Jakarta, Aktual.com – Sejak tanggal 2 Januari 2015, Gubernur DKI Jakarta Basuki Tjahaja Purnama (Ahok) terus menerus mengganti pejabat eselon II-IV di lingkungan Pemerintah Provinsi DKI Jakarta.
Alasannya, ingin pemerintahan bersih dari praktik korupsi kolusi nepotisme (KKN). Ahok juga ingin birokrasi bergerak dinamis dan tegas terhadap pelanggaran yang terjadi dalam menjalani pemerintahan.
Namun pendapat berbeda justru disampaikan Ketua Komisi Aparatur Sipil Negara Sofyan Effendy.
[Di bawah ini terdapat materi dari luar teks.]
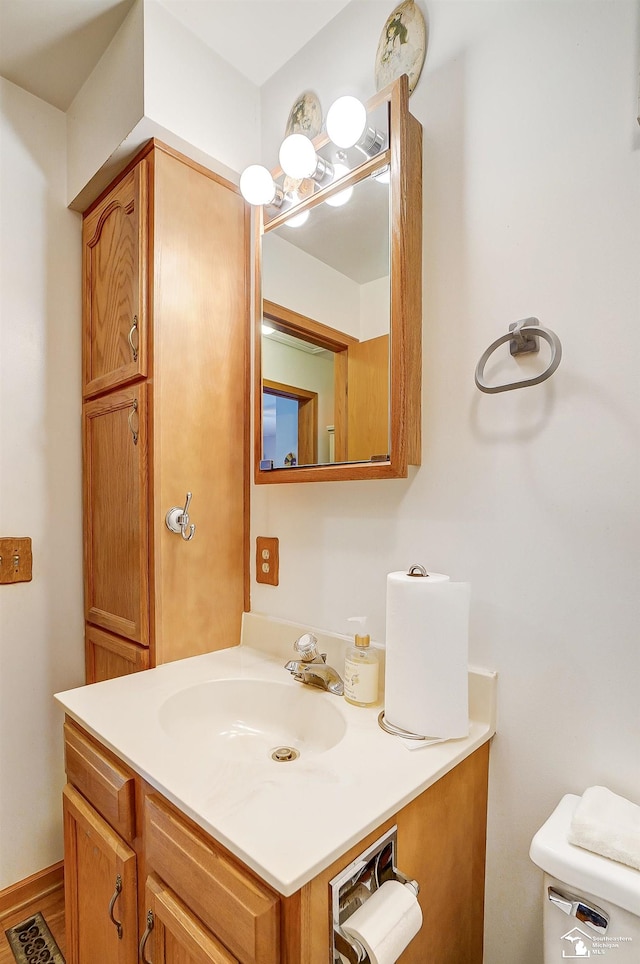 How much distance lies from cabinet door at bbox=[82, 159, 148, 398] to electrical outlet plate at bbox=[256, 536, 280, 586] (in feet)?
1.88

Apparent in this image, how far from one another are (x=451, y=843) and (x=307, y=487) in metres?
0.82

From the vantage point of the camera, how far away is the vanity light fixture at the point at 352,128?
40.3 inches

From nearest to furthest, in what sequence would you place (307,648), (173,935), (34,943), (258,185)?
(173,935) → (307,648) → (258,185) → (34,943)

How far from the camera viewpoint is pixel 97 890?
3.26 feet

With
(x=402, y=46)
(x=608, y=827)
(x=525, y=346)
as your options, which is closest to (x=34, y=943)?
(x=608, y=827)

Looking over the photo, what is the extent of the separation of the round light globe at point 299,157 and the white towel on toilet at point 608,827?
4.44 ft

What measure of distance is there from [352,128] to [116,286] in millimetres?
778

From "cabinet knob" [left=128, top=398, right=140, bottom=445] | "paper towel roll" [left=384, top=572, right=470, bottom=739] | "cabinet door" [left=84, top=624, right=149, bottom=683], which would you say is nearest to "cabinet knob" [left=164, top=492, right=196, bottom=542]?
"cabinet knob" [left=128, top=398, right=140, bottom=445]

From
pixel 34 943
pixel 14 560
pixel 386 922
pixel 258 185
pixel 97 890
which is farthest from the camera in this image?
pixel 14 560

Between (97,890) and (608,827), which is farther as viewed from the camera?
(97,890)

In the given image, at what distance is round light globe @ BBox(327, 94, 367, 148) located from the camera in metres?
1.02

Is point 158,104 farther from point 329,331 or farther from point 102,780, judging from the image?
point 102,780

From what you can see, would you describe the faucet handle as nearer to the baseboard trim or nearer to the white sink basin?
the white sink basin

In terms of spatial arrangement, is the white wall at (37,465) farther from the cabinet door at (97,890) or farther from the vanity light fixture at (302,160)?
the vanity light fixture at (302,160) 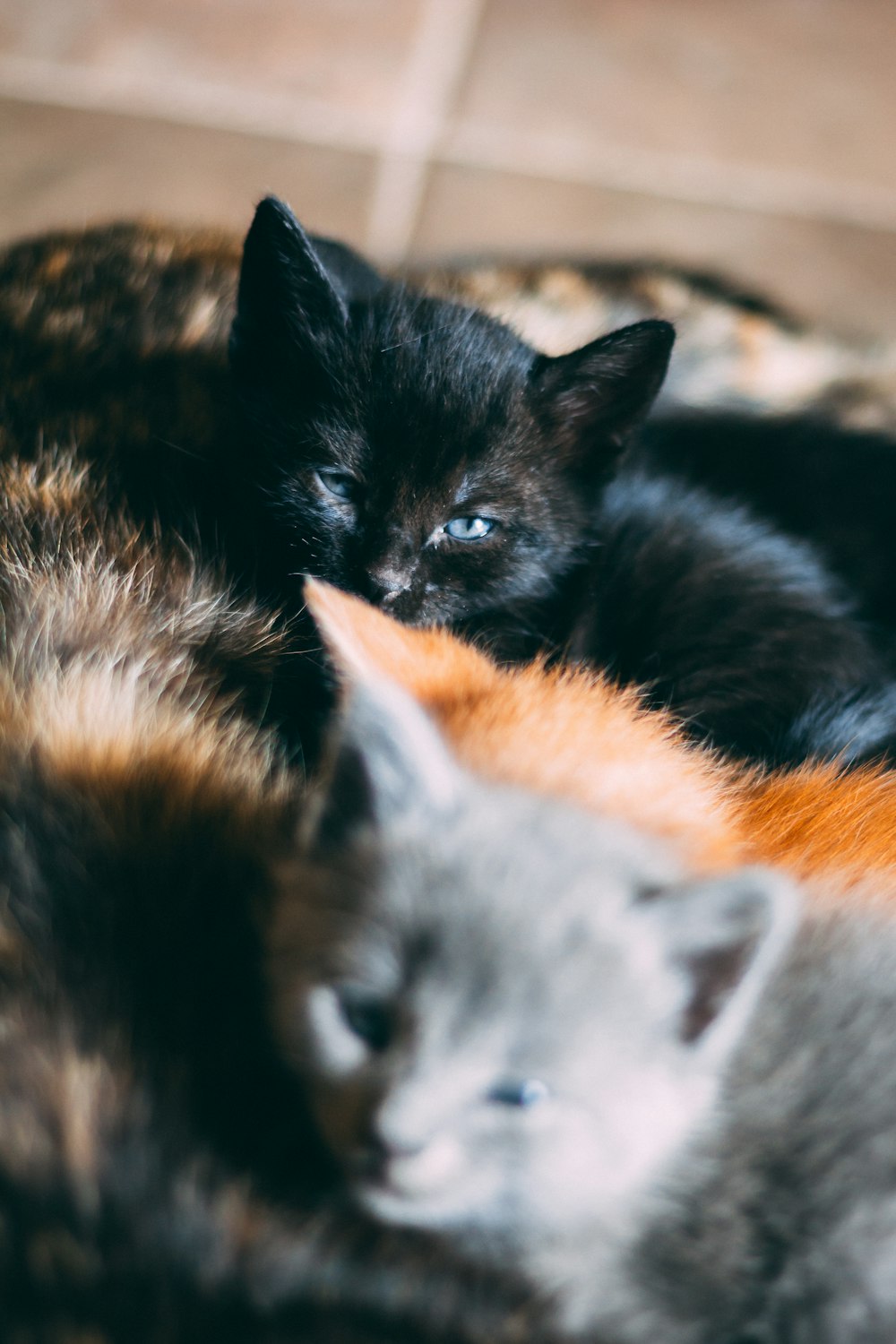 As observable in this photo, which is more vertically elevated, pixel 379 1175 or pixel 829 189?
pixel 829 189

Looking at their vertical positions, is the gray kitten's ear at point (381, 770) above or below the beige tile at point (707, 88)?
below

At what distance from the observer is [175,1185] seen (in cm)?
42

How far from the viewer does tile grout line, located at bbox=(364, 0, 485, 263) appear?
146cm

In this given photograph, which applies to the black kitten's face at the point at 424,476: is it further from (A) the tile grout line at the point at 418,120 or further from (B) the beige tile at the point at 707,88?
(B) the beige tile at the point at 707,88

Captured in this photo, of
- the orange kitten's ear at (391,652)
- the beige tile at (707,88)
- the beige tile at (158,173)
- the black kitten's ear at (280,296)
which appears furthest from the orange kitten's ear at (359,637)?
the beige tile at (707,88)

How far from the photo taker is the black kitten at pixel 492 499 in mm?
807

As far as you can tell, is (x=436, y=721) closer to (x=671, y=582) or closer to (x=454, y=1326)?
(x=454, y=1326)

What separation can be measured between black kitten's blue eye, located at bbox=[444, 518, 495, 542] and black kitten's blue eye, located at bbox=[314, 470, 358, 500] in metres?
0.08

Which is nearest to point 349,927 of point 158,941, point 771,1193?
point 158,941

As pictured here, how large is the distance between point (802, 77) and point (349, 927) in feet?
5.59

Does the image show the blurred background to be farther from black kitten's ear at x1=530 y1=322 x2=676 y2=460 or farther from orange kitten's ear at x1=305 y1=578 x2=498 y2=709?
orange kitten's ear at x1=305 y1=578 x2=498 y2=709

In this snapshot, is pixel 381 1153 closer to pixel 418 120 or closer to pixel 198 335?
pixel 198 335

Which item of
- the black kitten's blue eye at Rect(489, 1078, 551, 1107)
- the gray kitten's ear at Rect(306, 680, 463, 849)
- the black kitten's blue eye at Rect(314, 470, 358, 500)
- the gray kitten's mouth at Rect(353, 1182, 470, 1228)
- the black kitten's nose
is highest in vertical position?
the gray kitten's ear at Rect(306, 680, 463, 849)

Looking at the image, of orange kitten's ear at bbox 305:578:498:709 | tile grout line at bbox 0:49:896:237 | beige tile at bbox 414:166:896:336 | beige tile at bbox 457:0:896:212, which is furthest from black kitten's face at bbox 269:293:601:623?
beige tile at bbox 457:0:896:212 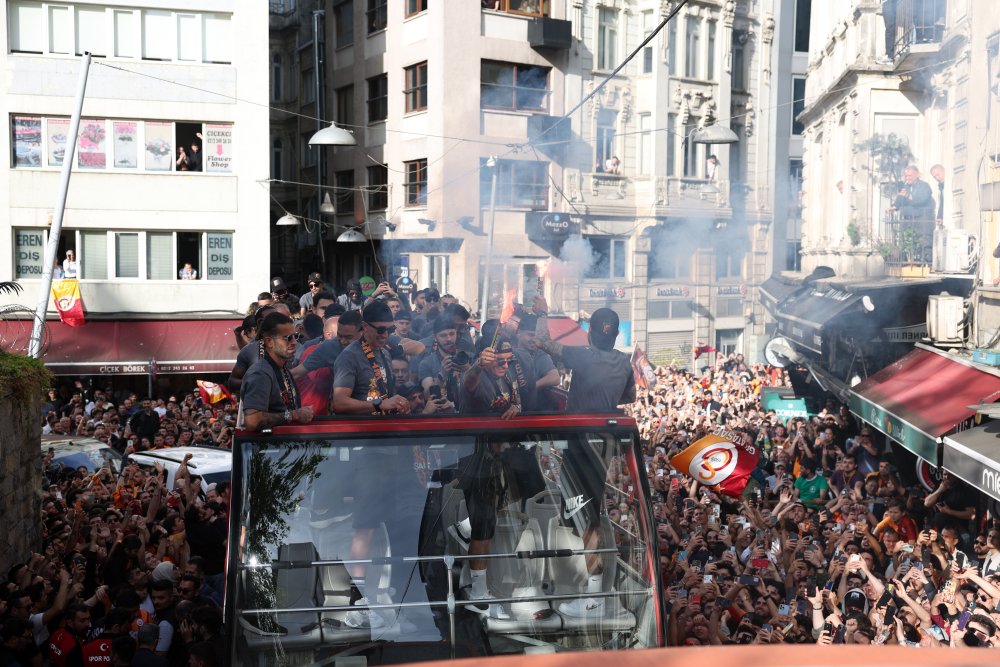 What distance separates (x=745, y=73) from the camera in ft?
102

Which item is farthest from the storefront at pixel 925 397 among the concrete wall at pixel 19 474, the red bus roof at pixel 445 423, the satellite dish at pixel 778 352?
the satellite dish at pixel 778 352

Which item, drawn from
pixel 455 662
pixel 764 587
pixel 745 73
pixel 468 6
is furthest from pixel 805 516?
pixel 745 73

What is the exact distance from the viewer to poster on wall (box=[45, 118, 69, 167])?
68.2ft

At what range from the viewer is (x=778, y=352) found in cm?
2175

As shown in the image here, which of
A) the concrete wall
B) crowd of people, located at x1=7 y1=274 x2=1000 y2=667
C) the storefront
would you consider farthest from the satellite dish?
the concrete wall

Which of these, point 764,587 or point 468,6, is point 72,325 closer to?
point 468,6

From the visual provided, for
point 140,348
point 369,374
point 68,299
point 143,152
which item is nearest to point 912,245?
point 369,374

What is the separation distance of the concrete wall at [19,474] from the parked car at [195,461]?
6.38 feet

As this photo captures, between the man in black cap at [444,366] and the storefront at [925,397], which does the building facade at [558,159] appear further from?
the man in black cap at [444,366]

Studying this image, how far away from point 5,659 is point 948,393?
8551mm

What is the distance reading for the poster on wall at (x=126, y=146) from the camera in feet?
69.4

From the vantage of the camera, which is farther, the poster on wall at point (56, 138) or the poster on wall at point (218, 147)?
the poster on wall at point (218, 147)

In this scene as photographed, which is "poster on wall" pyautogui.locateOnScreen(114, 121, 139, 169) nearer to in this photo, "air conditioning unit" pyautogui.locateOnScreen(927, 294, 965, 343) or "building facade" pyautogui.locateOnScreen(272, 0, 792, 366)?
"building facade" pyautogui.locateOnScreen(272, 0, 792, 366)

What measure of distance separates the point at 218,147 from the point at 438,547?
18004 mm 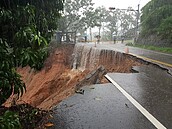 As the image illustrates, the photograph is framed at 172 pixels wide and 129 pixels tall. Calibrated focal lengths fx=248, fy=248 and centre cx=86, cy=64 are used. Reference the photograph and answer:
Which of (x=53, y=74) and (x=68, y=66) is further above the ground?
(x=68, y=66)

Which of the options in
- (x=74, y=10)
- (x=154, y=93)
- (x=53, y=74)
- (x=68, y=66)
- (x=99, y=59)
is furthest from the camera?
(x=74, y=10)

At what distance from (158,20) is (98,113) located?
27.4 metres

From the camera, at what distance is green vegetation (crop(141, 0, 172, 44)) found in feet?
89.6

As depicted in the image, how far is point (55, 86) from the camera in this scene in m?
16.3

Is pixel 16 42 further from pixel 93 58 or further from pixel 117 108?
pixel 93 58

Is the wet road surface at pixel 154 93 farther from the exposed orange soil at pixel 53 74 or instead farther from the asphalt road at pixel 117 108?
the exposed orange soil at pixel 53 74

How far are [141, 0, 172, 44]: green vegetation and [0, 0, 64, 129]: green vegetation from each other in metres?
24.6

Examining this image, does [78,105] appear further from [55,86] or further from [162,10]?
[162,10]

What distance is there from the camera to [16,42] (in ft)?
9.88

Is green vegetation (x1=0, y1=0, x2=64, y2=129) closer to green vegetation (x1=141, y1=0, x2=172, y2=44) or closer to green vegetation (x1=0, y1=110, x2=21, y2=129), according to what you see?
green vegetation (x1=0, y1=110, x2=21, y2=129)

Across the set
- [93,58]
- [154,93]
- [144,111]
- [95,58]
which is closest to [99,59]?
[95,58]

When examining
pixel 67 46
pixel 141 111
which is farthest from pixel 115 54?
pixel 141 111

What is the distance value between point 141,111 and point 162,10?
85.8ft

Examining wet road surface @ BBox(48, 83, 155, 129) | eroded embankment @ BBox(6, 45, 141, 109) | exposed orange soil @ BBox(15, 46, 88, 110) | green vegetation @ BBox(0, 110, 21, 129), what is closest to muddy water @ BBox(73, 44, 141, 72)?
eroded embankment @ BBox(6, 45, 141, 109) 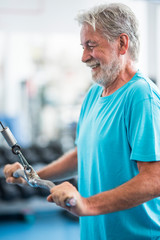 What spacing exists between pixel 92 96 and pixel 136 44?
1.15 ft

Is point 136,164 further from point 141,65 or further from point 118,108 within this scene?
point 141,65

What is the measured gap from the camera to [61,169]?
64.1 inches

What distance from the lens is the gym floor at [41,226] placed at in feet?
11.1

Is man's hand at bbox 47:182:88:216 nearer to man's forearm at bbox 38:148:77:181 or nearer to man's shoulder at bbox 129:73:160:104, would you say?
man's shoulder at bbox 129:73:160:104

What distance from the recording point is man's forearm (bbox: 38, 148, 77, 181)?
5.24 ft

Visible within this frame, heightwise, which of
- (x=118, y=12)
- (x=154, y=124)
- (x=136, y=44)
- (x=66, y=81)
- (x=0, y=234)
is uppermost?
(x=118, y=12)

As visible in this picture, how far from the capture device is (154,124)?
1138 mm

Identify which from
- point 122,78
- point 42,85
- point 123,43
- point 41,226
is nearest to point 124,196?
Result: point 122,78

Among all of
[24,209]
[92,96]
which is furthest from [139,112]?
[24,209]

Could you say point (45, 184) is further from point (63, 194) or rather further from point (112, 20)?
point (112, 20)

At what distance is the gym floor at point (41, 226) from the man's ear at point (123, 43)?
96.1 inches

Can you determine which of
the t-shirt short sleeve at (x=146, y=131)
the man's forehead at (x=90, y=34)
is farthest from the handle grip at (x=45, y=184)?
the man's forehead at (x=90, y=34)

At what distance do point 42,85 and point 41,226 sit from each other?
2028mm

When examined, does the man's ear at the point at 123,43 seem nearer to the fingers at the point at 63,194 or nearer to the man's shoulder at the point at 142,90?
the man's shoulder at the point at 142,90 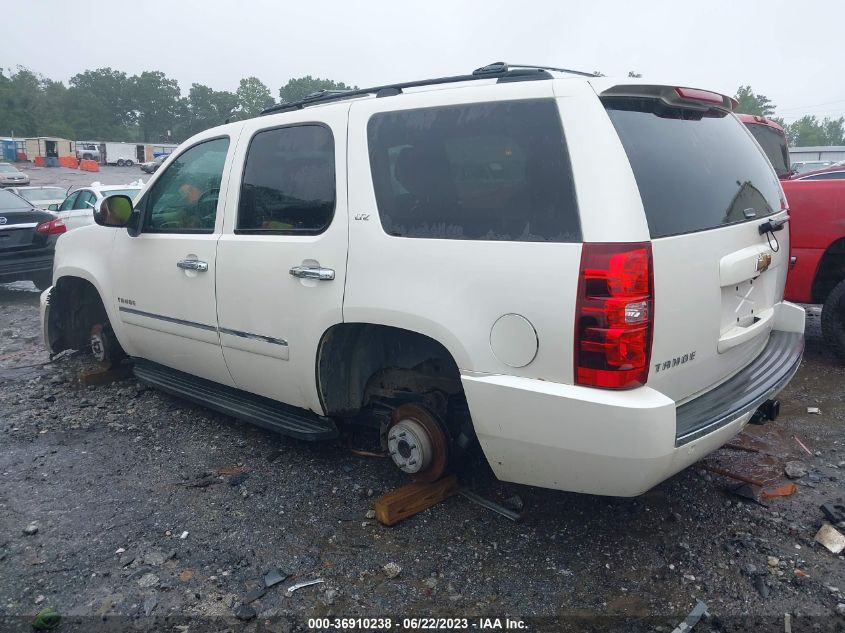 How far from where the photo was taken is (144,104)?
104m

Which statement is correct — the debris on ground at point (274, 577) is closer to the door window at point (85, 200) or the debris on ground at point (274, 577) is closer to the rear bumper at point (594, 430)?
the rear bumper at point (594, 430)

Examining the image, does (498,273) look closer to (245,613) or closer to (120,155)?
(245,613)

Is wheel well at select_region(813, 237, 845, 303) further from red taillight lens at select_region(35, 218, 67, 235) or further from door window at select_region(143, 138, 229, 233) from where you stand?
red taillight lens at select_region(35, 218, 67, 235)

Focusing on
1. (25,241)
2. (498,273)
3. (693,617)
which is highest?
(498,273)

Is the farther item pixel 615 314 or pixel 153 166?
pixel 153 166

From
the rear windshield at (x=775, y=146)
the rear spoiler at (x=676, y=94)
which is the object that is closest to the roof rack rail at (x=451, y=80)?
the rear spoiler at (x=676, y=94)

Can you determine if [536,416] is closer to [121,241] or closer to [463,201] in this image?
[463,201]

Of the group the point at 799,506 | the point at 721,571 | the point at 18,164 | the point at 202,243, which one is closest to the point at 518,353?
the point at 721,571

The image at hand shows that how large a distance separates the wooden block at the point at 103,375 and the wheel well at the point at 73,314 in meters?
0.36

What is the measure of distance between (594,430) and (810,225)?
4.13 meters

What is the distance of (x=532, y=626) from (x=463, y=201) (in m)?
1.71

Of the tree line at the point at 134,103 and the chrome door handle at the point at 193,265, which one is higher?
the tree line at the point at 134,103

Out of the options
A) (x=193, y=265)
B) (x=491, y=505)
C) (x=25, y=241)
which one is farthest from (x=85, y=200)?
(x=491, y=505)

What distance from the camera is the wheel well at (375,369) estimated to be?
3.29m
Menurut dia penggantian pejabat yang terlalu cepat akan mengganggu stabilitas birokrasi daerah. Jika stabilitas terganggu, birokrasi pun tidak akan bisa berjalan dengan baik.
“Dengan penggantian yang terlalu cepat, pejabat tidak akan bisa memantapkan diri. Birokrasi menjadi tidak efektif dan tidak produktif. Kinerjanya pun tidak akan baik, di bawah standar,” kata dia, saat dihubungi wartawan Rabu (12/8).
Dikatakan Sofyan hal itu bisa dilihat dari penyerapan anggaran daerah yang masih relatif kecil. Perekonomian daerah, kata Sofyan, bergantung pada kinerja anggaran. Sementara kinerja anggaran bergantung pada kinerja pejabat.
Diketahui Gubernur sempat menganggap kinerja bawahan tidak memuaskan, Diuangkapnya Sofyan, meskipun demikian namun pejabat tidak bisa setiap saat diganti.
Menurutnya dalam sebuah pergantian pejabat harus ada bukti yang obyektif soal kinerja pejabat yang bersangkutan. Seperti undang-undang pun waktunya harus dua tahun sebelum penggantian pejabat baru.
“Meskipun penggantian pejabat merupakan hak prerogatif kepala daerah, tetap harus sesuai aturan yang ada. Sebaiknya Pak Basuki tidak terlalu sering mengganti pejabat. Stabilitas birokrasi ini harus diperhitungkan,” ujar dia.